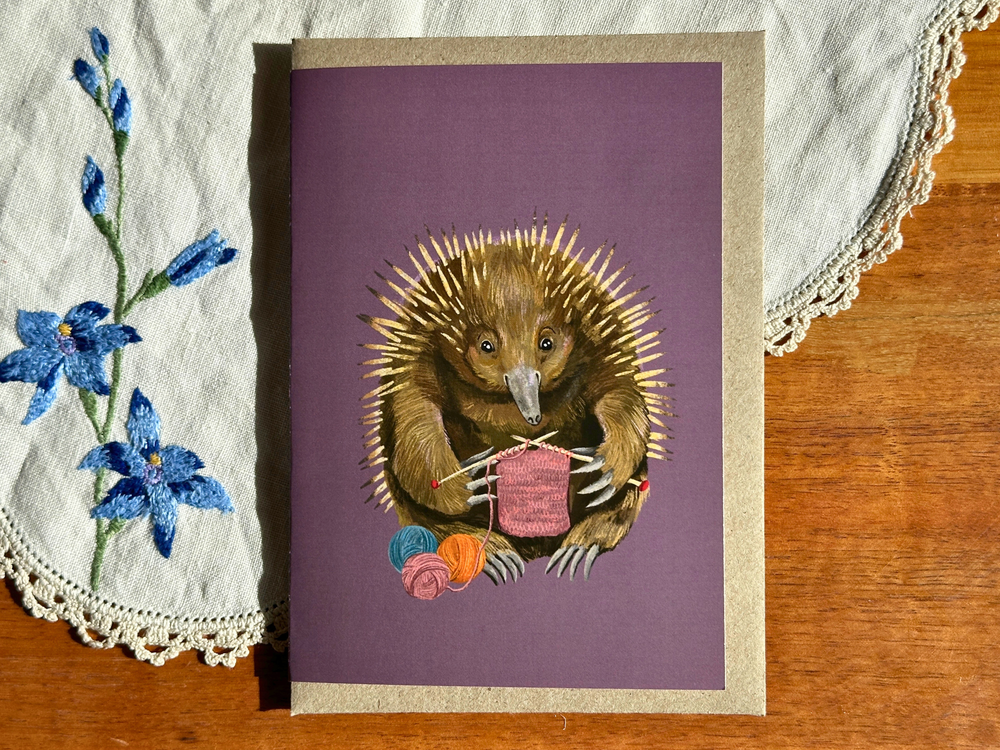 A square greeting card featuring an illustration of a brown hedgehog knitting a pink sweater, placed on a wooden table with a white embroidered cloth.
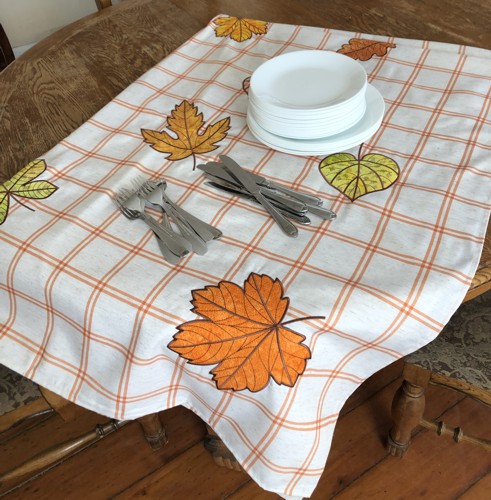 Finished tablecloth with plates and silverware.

§ §

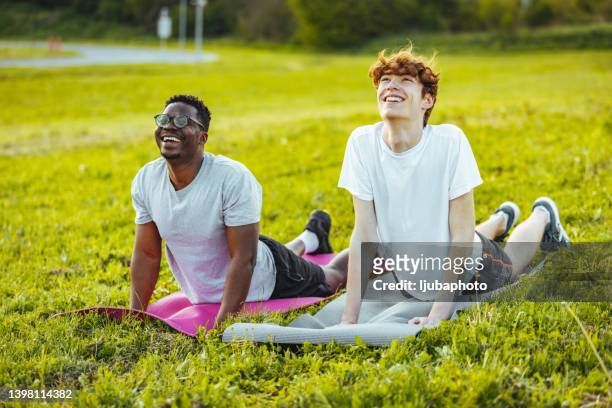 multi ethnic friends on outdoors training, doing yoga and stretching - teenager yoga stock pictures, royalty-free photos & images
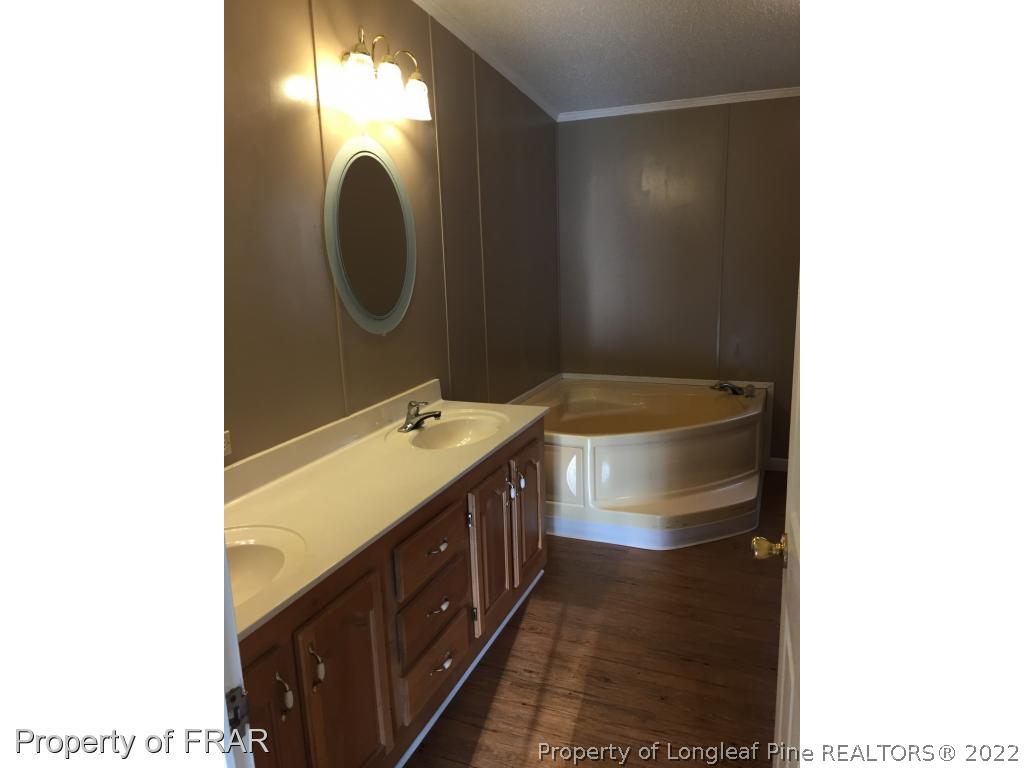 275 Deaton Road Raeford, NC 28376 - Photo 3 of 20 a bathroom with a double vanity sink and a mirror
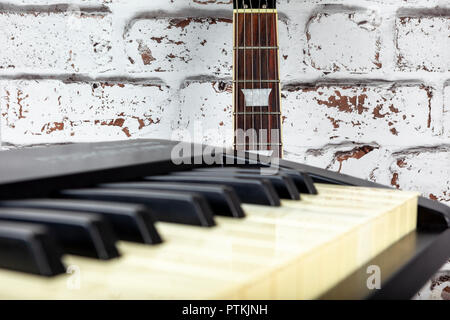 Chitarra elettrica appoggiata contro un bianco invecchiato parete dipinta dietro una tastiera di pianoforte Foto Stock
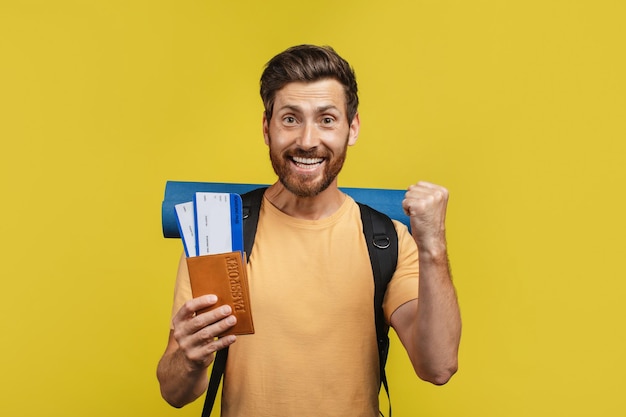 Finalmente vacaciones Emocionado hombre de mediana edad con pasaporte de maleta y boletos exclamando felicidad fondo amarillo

§ §

**Description of the task:**
Copy out exactly the material that runs from the line with "A square greeting" to the line with "Finished tablecloth with", ends included, and leave the pictures behind.

**Finished task:**
 A square greeting card featuring an illustration of a brown hedgehog knitting a pink sweater, placed on a wooden table with a white embroidered cloth.
 Finished tablecloth with plates and silverware.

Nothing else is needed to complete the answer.